NEMWI is participating in several events this week to mark Great Lakes Days (an annual push to raise awareness about the Great Lakes on Capitol Hill) and National Invasive Species Awareness Week. The Institute will co-host a briefing on invasive carp tomorrow, February 23 (details below), as well as an annual Great Lakes breakfast on Thursday. Staff will also attend a Canadian Embassy-sponsored tour focused on ballast water treatment testing. Lastly, NEMWI's Allegra Cangelosi will present at the semi-annual Great Lakes Commission meeting. Her comments will be about ballast water treatment technology and policy.

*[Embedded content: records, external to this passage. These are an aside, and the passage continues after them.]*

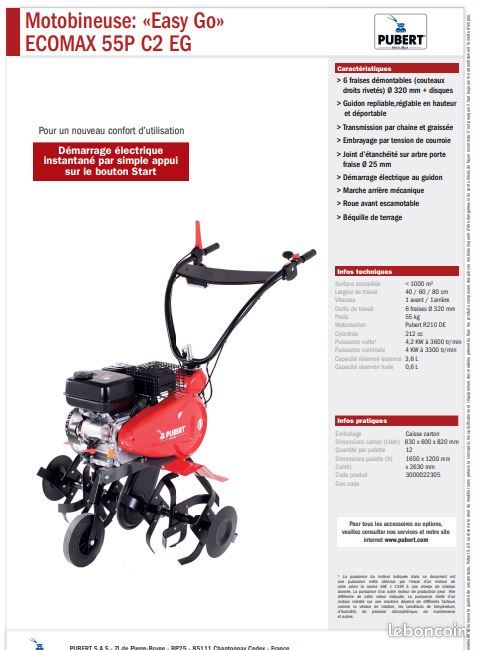 Motobineuse PUBERT ECOMAX 55P C2 EG dmarrage lectrique - Jardin & Plantes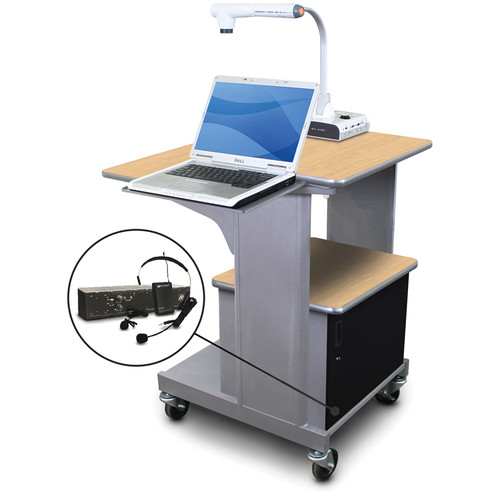 Marvel Vizion Benchmark Mobile Presentation Cart with Acrylic Door, Laptop Shelf, and AmpliVox Headset Microphone (Kensington Maple Laminate)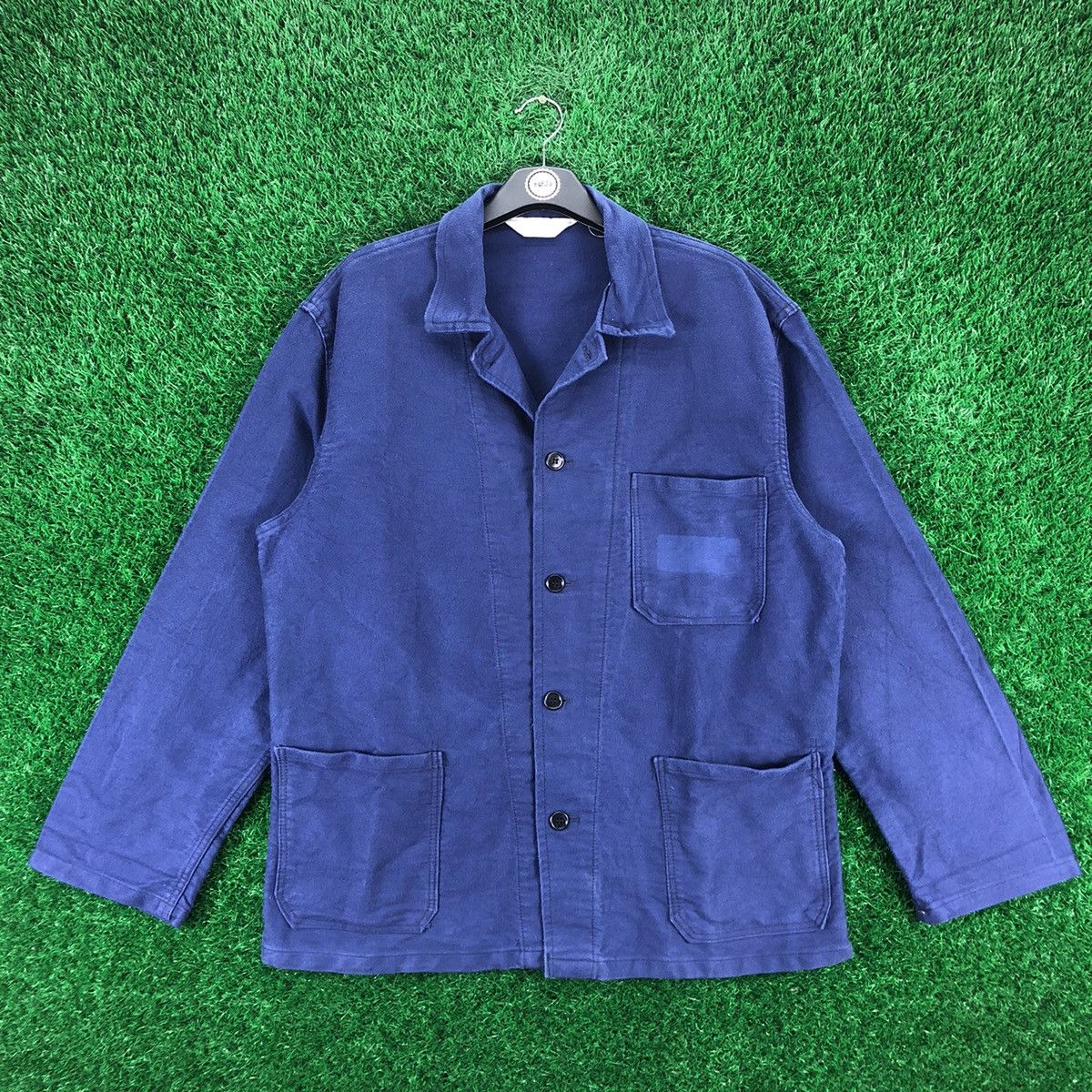 Le Laboureur Vintage 70's Europe Workwear Chore Jacket Indigo Blue Size US XL / EU 56 / 4 - 1 Thumbnail
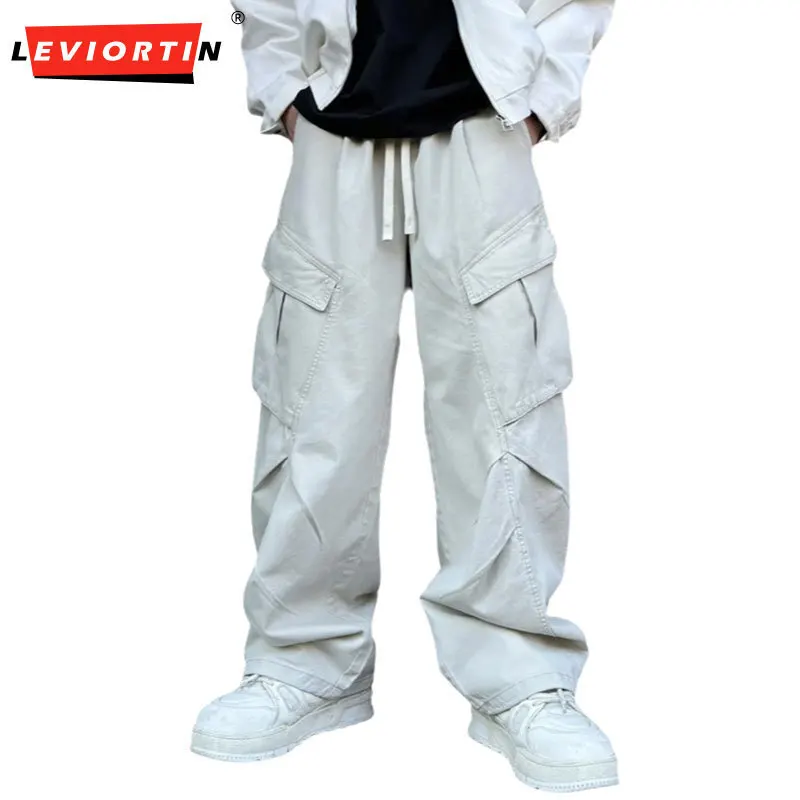 

Vintage Straight Leg Pants For Men 100% Cotton Wide Cargo Pant Casual Baggy Large Pockets Paratrooper Trousers Streetwear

For more information, contact Matthew McKenna, Director of the Great Lakes Washington Program, or Allegra Cangelosi, Sr. Policy Analyst - Environmental Projects and PI of the Great Ships Initiative, at the Northeast-Midwest. 
NEWMI to Cohost Briefing on Invasive Asian Carp, February 23 

On Tuesday, February 23, NEMWI, in conjunction with the Asian Carp Regional Coordinating Committee, will hold a Congressional Briefing on invasive Asian carp and the Great Lakes region. The briefing will focus on current efforts to slow and minimize the impact of Asian carp in the Great Lakes and will involve short presentations from numerous federal stakeholders. The event will be held in 1310 Longworth House Office Building from 10:00 AM to 11:00 AM and will take place the same week as both the National Invasive Species Awareness Week and Great Lakes Days in Washington, D.C. 
For more information, contact Matthew McKenna, Director of the Great Lakes Washington Program at the Northeast-Midwest Institute. 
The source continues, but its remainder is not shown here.